8.    Line 67: Rephrase: fibroblasts are precursors of dermal collagen.

9.    Figure 1: Abbreviations have not been defined. Reorganize (not all concentrations were encapsulated, confusing-too many arrows-).

10. Line 216: …described by…

11. Line 245: defined if MnEs is the plural for MnE.

12. Section 2.8 should only describe general cell culture. The scratch is described again in subsection 2.8.3. Please eliminate lines 252-262.

13. The MTS Assay is a Cell Proliferation Assay. Please substitute all the “cytotoxicity” for “proliferation” throughout the manuscript.

14. Alanine is defined as the positive control that would promote cell proliferation and wound healing. The liposomal formulation, although used to assess the effect its effect on the fibroblasts and determine if it has a detrimental effect because it is part of the encapsulation, should not, on its own, promote cell proliferation, so it cannot be defined as a positive control.
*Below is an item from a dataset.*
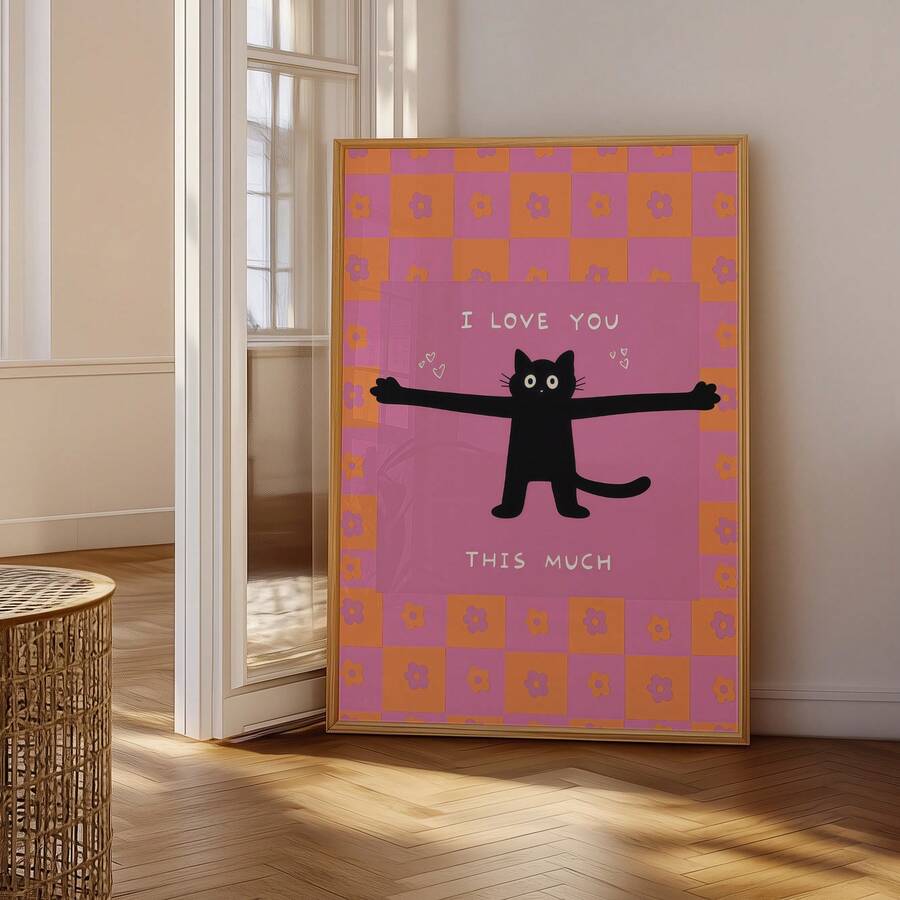 Black cat typography canvas art in a warm neutral living space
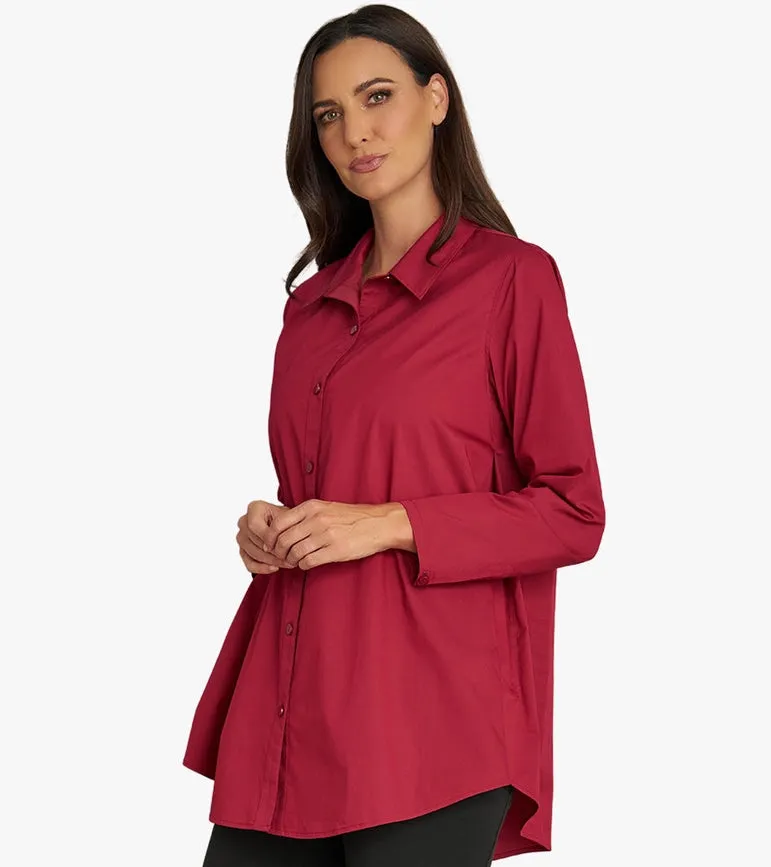 Women's Long Sleeve A-Line Button Front Prime Time Tunic BEET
15. If the scratch assay was monitored for 12-48h, why the trypan blue and the MTS assay were performed after 24h of incubation with the test samples?

16. Line 370: Correct “and the phenolic acids and flavonoids would could prove important”.

17. Line 406 states that more than one liposomal formulation was evaluated.

18. Line 460: Reference#57 does not relate with the text.  

19. Line 470: size distribution does not have an effect on the in vitro results?

20. Line 485: is negative charge sufficient to state that the liposomal formulations are stable?

21. Line 487: reformulate, “the percentages of liposomes up to 500 nm being close.”

22. Table 4: clarify what samples (significant differences) are the superscripts letters comparing.

23. Please comment on why the % of closure is greater for the liposomal formulation compared to the positive control (ALA_50) at all the times tested.

24. Explain why the effect is higher when the extract is encapsulated rather than when is free and available to the cells.

25. Line 612: what control (media only, alanine, empty liposomes).  

 

26. Line 623: various factors, such as… 

Author Response

Our responses to reviewer 2 comments are uploaded as a Word file. Please see the attachment.

Author Response File: Author Response.docx

Round 2

Reviewer 1 Report

As the authors have included all the suggested revisions, the paper now is suitable for publication in Applied Sciences.